What the exercise asks>
Since only part of the material below is wanted, output exactly the lines from the one with "篮球CBA官方公布比赛精彩瞬间" up to and including the one with "Mercedes-Benz Sprinter снимка".

Material shown>
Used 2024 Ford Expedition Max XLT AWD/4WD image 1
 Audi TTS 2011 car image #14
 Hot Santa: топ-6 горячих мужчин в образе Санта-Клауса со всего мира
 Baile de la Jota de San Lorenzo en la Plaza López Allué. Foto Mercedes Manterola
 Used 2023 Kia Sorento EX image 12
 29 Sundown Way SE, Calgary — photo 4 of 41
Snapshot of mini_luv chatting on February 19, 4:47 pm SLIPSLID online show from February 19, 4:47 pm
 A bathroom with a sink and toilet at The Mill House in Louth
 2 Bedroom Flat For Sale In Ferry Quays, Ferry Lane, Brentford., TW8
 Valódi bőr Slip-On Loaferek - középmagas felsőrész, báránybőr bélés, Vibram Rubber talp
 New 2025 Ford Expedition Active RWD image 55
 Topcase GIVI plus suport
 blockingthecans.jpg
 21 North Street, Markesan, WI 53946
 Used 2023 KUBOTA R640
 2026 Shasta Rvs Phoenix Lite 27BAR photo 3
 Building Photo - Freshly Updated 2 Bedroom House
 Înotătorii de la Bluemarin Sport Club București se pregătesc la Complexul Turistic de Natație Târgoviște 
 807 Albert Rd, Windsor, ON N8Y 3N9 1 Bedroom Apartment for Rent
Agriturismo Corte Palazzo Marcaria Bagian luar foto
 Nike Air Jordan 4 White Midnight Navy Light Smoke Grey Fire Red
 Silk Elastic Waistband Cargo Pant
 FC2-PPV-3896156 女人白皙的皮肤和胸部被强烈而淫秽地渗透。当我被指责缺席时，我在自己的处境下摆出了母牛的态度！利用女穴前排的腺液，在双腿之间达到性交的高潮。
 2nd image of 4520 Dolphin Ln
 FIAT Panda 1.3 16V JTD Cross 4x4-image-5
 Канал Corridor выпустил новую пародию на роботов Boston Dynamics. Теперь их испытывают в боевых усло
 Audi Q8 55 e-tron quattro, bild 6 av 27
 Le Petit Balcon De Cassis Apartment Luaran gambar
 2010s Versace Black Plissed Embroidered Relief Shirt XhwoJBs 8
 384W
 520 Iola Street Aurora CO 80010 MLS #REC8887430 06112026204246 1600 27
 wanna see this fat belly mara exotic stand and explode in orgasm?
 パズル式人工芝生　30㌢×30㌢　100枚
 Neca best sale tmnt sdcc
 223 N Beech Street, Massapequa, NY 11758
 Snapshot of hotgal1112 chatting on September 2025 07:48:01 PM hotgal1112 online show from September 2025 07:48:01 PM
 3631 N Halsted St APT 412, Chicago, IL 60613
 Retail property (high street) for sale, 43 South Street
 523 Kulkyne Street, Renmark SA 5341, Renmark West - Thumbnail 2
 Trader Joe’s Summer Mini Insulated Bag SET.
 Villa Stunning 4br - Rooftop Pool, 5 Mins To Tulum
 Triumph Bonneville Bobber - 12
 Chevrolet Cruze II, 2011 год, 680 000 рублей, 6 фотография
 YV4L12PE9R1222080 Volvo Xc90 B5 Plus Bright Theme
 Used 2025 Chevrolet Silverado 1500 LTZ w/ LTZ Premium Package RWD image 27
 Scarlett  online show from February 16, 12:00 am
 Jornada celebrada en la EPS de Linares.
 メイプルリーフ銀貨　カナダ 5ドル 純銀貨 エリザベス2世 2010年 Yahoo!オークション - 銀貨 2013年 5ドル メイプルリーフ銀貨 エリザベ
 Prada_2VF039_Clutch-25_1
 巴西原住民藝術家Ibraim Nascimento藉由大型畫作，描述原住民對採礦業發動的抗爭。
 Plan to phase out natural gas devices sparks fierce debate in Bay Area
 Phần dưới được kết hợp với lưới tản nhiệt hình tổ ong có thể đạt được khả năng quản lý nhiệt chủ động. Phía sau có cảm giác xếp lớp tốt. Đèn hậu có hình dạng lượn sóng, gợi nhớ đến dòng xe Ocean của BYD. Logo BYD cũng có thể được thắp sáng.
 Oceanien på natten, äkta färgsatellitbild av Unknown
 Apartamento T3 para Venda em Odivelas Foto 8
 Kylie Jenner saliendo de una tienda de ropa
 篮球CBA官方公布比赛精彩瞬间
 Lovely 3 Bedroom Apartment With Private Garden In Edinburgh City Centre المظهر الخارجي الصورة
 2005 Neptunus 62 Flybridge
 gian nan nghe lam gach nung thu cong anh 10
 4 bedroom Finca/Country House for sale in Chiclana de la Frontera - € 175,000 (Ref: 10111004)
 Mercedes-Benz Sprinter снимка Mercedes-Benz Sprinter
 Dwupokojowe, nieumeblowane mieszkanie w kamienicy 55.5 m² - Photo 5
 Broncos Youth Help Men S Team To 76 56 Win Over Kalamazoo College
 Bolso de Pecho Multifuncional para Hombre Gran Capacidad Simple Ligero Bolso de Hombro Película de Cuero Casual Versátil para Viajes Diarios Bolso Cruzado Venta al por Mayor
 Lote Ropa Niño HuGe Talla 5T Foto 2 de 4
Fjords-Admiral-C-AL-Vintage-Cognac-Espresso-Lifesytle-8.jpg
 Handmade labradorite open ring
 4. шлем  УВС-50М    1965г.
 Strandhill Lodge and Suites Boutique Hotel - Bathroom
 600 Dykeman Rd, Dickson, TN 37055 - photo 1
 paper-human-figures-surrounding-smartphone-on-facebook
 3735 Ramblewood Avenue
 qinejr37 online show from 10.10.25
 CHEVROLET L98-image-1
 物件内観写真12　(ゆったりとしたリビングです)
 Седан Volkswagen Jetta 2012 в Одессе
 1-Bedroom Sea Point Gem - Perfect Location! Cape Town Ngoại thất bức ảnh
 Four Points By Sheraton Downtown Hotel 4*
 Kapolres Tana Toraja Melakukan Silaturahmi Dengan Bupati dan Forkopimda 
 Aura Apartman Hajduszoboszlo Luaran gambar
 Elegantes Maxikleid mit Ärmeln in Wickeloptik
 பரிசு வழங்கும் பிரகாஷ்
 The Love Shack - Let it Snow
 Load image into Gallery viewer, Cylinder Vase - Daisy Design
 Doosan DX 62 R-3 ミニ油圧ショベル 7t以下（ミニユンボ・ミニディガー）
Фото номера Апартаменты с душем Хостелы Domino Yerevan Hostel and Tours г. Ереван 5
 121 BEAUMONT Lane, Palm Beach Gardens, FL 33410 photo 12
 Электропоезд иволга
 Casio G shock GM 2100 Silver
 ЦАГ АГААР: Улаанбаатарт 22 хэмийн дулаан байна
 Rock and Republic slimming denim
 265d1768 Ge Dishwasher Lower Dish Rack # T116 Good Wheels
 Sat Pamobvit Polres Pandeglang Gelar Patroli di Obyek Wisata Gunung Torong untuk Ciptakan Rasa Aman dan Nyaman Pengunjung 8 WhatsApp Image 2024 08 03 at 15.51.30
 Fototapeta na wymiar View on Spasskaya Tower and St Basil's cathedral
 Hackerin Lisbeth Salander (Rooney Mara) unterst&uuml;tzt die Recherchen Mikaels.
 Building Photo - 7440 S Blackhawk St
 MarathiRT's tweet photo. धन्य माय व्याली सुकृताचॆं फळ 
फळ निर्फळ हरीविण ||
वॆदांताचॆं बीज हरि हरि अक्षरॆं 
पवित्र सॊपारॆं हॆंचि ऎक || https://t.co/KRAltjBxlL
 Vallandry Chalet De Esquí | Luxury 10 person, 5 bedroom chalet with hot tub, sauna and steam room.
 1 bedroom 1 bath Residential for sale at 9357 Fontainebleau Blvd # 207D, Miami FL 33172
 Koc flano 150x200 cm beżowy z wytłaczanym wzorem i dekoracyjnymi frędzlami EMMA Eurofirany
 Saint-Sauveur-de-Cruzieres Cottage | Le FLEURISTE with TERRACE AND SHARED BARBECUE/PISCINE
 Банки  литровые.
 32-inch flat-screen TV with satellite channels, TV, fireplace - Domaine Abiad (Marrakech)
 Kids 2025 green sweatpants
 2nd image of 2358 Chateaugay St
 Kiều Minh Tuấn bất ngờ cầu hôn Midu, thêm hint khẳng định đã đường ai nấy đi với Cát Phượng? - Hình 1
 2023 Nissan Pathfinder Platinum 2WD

The answer>
 篮球CBA官方公布比赛精彩瞬间
 Lovely 3 Bedroom Apartment With Private Garden In Edinburgh City Centre المظهر الخارجي الصورة
 2005 Neptunus 62 Flybridge
 gian nan nghe lam gach nung thu cong anh 10
 4 bedroom Finca/Country House for sale in Chiclana de la Frontera - € 175,000 (Ref: 10111004)
 Mercedes-Benz Sprinter снимка Mercedes-Benz Sprinter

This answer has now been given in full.